The third shift can carry "great psychological stress," Sigrún Birna Björnsdóttir Kaaber, a specialist in equality and work environment at the Icelandic Teachers' Union, and Gunnvör Rósa Eyvindardóttir, a gender studies and sociology teacher, told BI over email. It also means women may be unable to take on extra responsibilities and shifts at work, leading to a gender pay gap despite legislation stipulating that men and women get equal base pay, they said.
Sonja Ýr Þorbergsdóttir, the chair of the BSRB, the Icelandic federation of public sector unions, and one of the organizers of this year's strike, told BI that women generally took on further childcare and household responsibilities during the pandemic. This buildup of pressure could have been part of the reason for the huge attendance at this year's strike, she said.
But the third shift isn't just related to the mental burden associated with familial and housekeeping responsibilities.
"It also could be in the workplace or anywhere where women are mostly scheduling and thinking about things and organizing it so everybody feels good and is prepared for the day," Adolphsdóttir, the archivist, said.

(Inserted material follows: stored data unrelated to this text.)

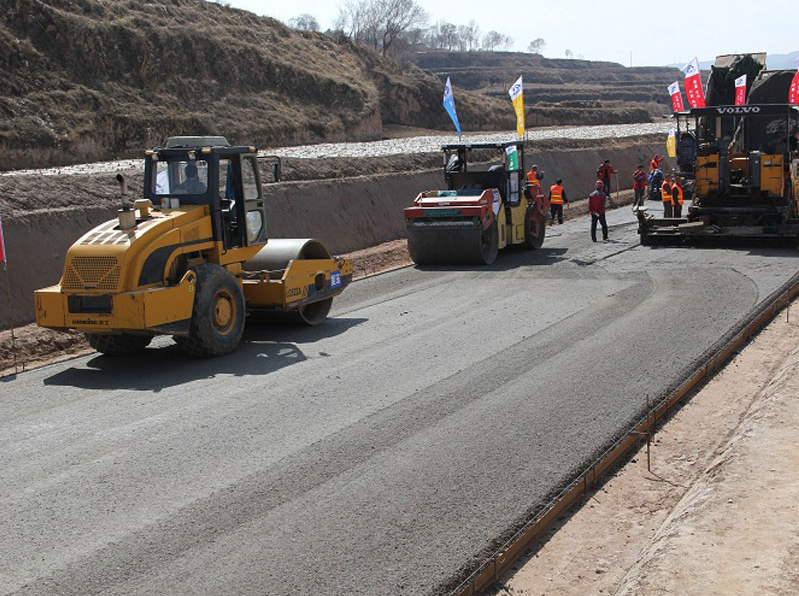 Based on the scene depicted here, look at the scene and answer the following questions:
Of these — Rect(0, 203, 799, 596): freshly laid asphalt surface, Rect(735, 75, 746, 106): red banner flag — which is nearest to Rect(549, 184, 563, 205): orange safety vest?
Rect(735, 75, 746, 106): red banner flag

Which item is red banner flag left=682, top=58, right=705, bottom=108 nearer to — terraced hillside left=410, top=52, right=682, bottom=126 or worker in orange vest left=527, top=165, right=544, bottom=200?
worker in orange vest left=527, top=165, right=544, bottom=200

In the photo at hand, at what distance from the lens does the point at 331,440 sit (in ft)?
26.2

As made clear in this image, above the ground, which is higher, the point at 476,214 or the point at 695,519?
the point at 476,214

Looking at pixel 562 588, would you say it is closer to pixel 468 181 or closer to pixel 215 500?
pixel 215 500

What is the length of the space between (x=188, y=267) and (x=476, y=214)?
7.41 meters

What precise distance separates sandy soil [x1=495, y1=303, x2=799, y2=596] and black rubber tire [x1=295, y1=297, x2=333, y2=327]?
18.7ft

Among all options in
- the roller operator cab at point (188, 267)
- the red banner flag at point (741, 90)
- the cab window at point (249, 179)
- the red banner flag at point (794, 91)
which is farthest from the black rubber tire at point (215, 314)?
the red banner flag at point (794, 91)

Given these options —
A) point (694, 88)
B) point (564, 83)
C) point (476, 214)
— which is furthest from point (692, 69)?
point (564, 83)

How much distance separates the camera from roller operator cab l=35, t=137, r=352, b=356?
10398mm

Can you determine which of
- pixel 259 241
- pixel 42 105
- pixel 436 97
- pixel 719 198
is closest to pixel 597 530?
pixel 259 241

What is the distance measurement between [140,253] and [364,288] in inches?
233

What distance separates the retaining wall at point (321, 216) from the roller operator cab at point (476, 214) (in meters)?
4.17

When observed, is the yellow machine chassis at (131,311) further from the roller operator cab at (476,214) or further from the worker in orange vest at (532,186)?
the worker in orange vest at (532,186)

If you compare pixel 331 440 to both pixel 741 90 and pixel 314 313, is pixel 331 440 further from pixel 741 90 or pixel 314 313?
pixel 741 90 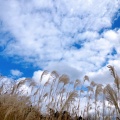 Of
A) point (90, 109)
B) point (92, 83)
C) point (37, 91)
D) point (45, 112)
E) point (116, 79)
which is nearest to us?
point (116, 79)

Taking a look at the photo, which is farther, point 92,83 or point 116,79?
point 92,83

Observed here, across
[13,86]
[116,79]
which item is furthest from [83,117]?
[116,79]

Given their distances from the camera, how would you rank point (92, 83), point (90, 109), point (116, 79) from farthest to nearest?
1. point (92, 83)
2. point (90, 109)
3. point (116, 79)

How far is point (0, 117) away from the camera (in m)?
4.28

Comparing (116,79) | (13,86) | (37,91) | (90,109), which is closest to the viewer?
(116,79)

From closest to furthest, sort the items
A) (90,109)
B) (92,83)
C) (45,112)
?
(45,112) < (90,109) < (92,83)

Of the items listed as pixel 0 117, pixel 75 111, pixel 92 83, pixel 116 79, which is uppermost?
pixel 92 83

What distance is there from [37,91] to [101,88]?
196 cm

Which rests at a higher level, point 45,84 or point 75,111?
point 45,84

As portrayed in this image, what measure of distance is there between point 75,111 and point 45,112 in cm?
148

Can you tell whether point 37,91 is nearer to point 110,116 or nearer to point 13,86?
point 13,86

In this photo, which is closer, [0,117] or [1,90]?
[0,117]

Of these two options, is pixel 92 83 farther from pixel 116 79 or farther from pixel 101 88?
pixel 116 79

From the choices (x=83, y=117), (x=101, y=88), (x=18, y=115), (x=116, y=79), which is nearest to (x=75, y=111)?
(x=83, y=117) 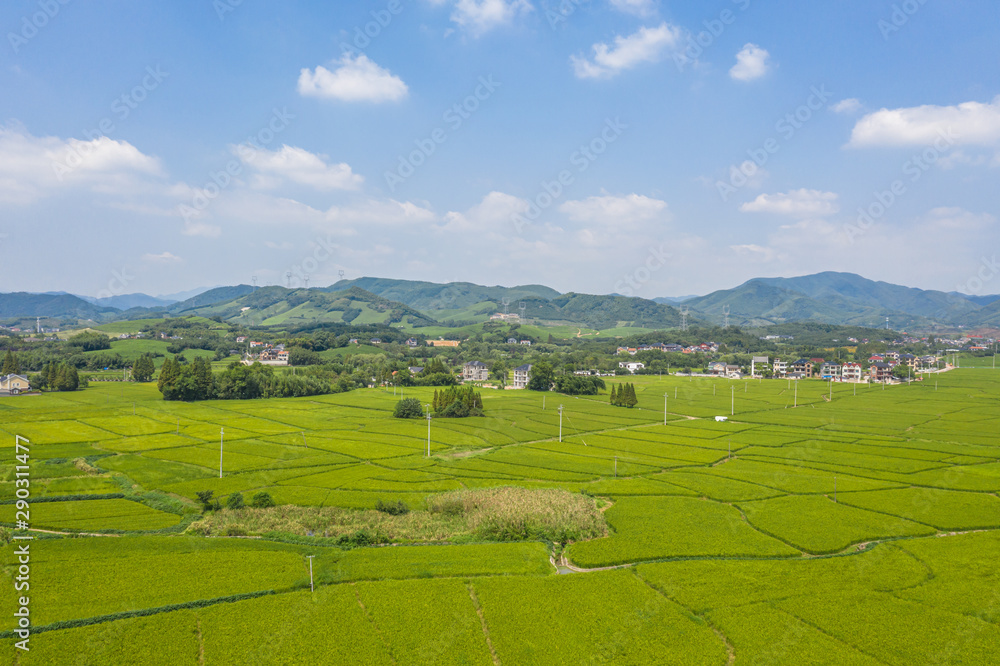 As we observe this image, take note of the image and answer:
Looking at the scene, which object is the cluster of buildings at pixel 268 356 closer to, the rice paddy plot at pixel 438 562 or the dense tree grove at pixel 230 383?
the dense tree grove at pixel 230 383

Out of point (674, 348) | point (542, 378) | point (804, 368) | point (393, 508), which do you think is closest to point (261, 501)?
point (393, 508)

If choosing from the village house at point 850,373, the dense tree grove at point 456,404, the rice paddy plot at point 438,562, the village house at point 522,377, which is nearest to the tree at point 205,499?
the rice paddy plot at point 438,562

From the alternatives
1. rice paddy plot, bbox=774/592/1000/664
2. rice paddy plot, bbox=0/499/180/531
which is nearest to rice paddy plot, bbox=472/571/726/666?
rice paddy plot, bbox=774/592/1000/664

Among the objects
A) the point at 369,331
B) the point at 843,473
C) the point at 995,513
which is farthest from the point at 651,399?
the point at 369,331

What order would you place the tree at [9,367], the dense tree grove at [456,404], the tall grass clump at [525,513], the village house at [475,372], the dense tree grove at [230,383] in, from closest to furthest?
Result: the tall grass clump at [525,513]
the dense tree grove at [456,404]
the dense tree grove at [230,383]
the tree at [9,367]
the village house at [475,372]

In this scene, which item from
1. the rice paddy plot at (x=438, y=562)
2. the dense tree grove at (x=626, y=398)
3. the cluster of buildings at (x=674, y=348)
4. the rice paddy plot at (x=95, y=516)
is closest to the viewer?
the rice paddy plot at (x=438, y=562)

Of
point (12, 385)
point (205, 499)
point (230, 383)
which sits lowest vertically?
point (205, 499)

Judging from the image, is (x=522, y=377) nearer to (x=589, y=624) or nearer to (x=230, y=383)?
(x=230, y=383) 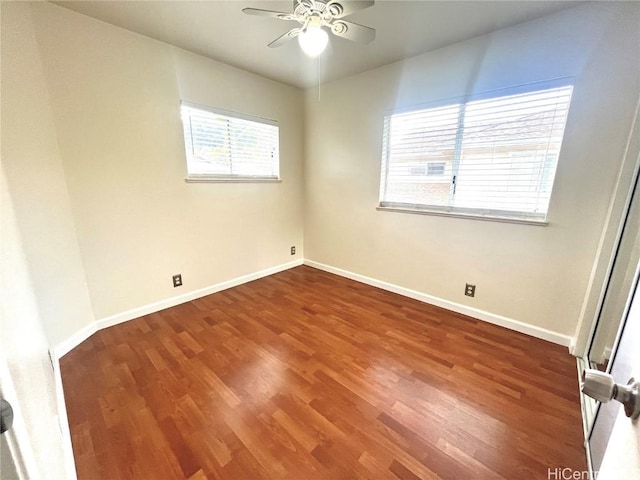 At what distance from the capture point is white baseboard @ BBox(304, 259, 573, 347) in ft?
7.01

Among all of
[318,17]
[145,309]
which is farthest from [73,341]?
[318,17]

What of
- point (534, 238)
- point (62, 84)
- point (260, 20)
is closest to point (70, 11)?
point (62, 84)

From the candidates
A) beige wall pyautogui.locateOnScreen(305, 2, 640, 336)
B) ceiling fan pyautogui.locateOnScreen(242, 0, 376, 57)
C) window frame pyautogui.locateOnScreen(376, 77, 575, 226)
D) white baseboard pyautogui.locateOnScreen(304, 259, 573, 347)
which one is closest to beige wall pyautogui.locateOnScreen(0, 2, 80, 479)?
ceiling fan pyautogui.locateOnScreen(242, 0, 376, 57)

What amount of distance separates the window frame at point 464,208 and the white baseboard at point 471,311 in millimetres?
881

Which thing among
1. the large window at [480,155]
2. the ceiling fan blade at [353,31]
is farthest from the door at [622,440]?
the ceiling fan blade at [353,31]

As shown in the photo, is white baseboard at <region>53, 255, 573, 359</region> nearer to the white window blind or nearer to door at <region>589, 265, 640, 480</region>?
the white window blind

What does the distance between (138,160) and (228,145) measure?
3.00ft

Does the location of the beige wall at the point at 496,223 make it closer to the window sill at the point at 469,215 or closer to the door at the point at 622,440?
the window sill at the point at 469,215

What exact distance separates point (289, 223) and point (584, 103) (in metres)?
3.10

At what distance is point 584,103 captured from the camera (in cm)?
182

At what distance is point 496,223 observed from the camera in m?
2.29

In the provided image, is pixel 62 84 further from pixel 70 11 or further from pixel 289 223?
pixel 289 223

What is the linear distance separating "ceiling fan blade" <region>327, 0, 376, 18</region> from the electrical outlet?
7.74ft

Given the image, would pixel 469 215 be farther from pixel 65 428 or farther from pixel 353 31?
pixel 65 428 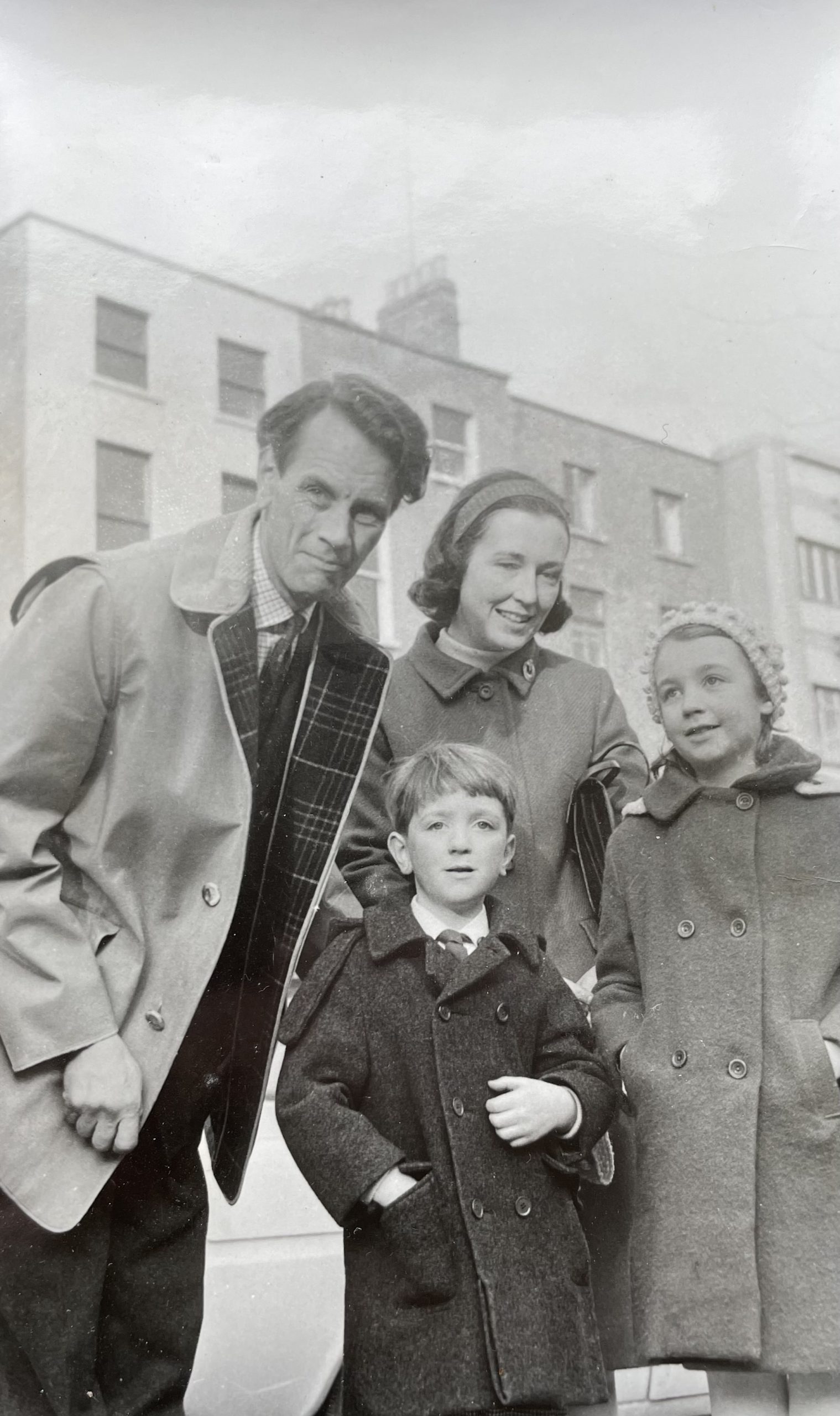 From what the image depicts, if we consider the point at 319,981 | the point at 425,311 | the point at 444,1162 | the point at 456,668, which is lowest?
the point at 444,1162

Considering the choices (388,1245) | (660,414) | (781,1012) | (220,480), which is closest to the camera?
(388,1245)

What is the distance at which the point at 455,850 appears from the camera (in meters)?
2.60

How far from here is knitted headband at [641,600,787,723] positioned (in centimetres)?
283

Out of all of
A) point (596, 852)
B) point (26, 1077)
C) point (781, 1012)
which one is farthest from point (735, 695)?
point (26, 1077)

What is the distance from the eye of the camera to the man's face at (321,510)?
2768 mm

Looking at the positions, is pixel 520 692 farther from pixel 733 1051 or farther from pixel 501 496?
pixel 733 1051

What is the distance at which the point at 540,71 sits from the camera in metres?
3.34

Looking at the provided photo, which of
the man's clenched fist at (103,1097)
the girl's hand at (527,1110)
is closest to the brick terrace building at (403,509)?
the girl's hand at (527,1110)

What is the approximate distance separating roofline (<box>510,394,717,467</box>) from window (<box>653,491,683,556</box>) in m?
0.12

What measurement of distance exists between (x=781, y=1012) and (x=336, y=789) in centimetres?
98

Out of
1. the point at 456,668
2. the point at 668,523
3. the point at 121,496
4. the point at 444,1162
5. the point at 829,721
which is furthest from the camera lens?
the point at 668,523

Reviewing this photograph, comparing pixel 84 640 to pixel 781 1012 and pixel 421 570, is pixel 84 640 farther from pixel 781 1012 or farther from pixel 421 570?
pixel 781 1012

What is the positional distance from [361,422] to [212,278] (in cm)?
54

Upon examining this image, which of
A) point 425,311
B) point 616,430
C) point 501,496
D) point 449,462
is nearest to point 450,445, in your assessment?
point 449,462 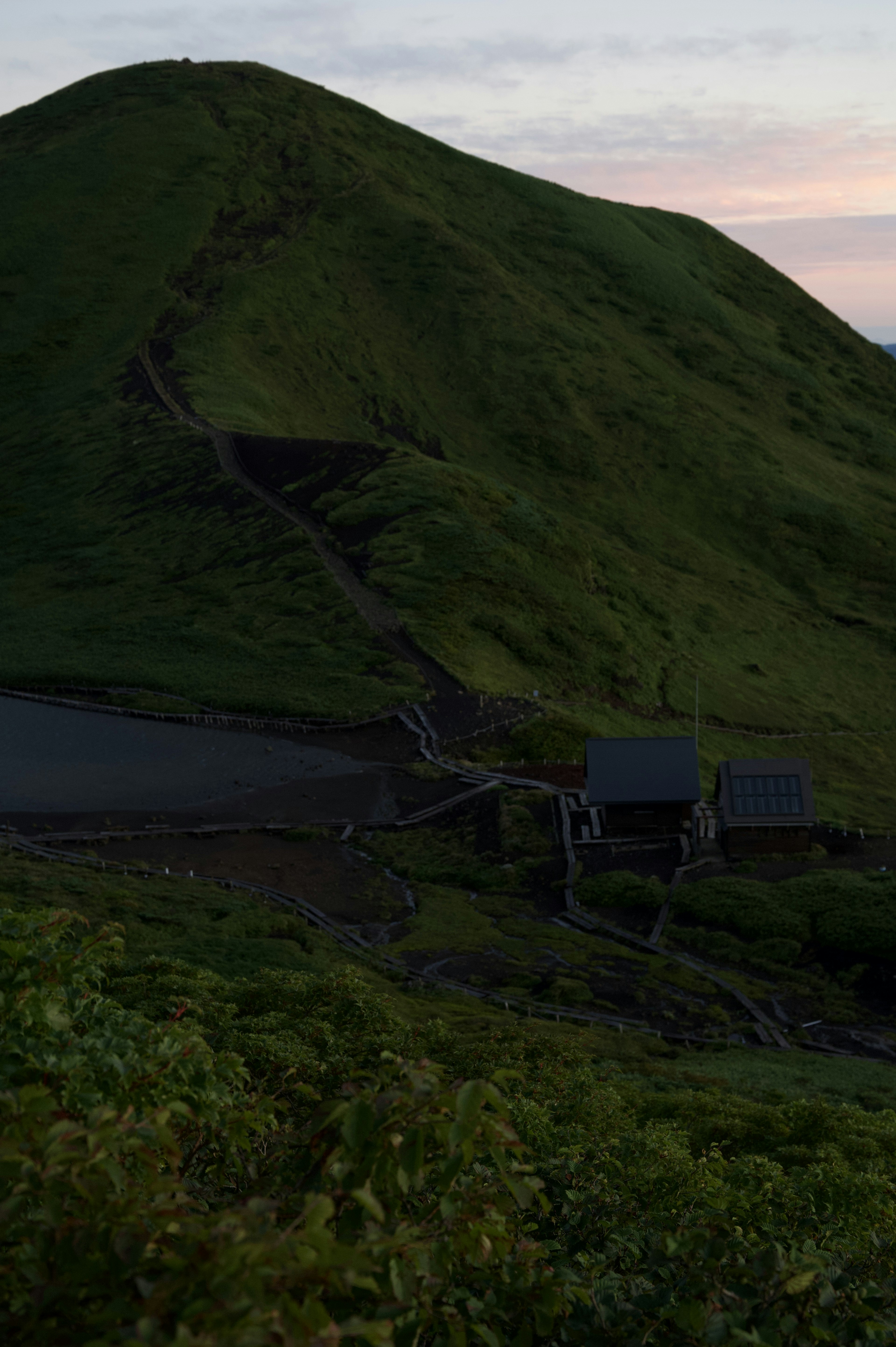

This could include remembering to bring in a cake for a colleague's birthday, she said.
A 2021 survey by McKinsey & Company and LeanIn.org found that female managers are about 60% more likely to provide emotional support to their teams than male managers. They're also more likely to take action to make their employees' workloads more manageable and to prevent burnout, the survey found.
But not everyone thinks that the third shift is a real problem.
"I think that's probably one of the biggest issues now, because some people just refuse to understand it and acknowledge it," Björnsdóttir, the Pink Iceland co-founder, said.
Adolphsdóttir similarly said that she thought the concept of the third shift was getting a lot of pushback, with critics describing it as a "made-up problem."
There's some optimism, though, that increased discussion of the third shift might encourage men to take a more active role in both childcare and household management – especially with mindset changes among the younger generations.
"My generation and younger are very, very mindful of what happens in their home and who takes responsibility and what their partners get away with," Björnsdóttir said.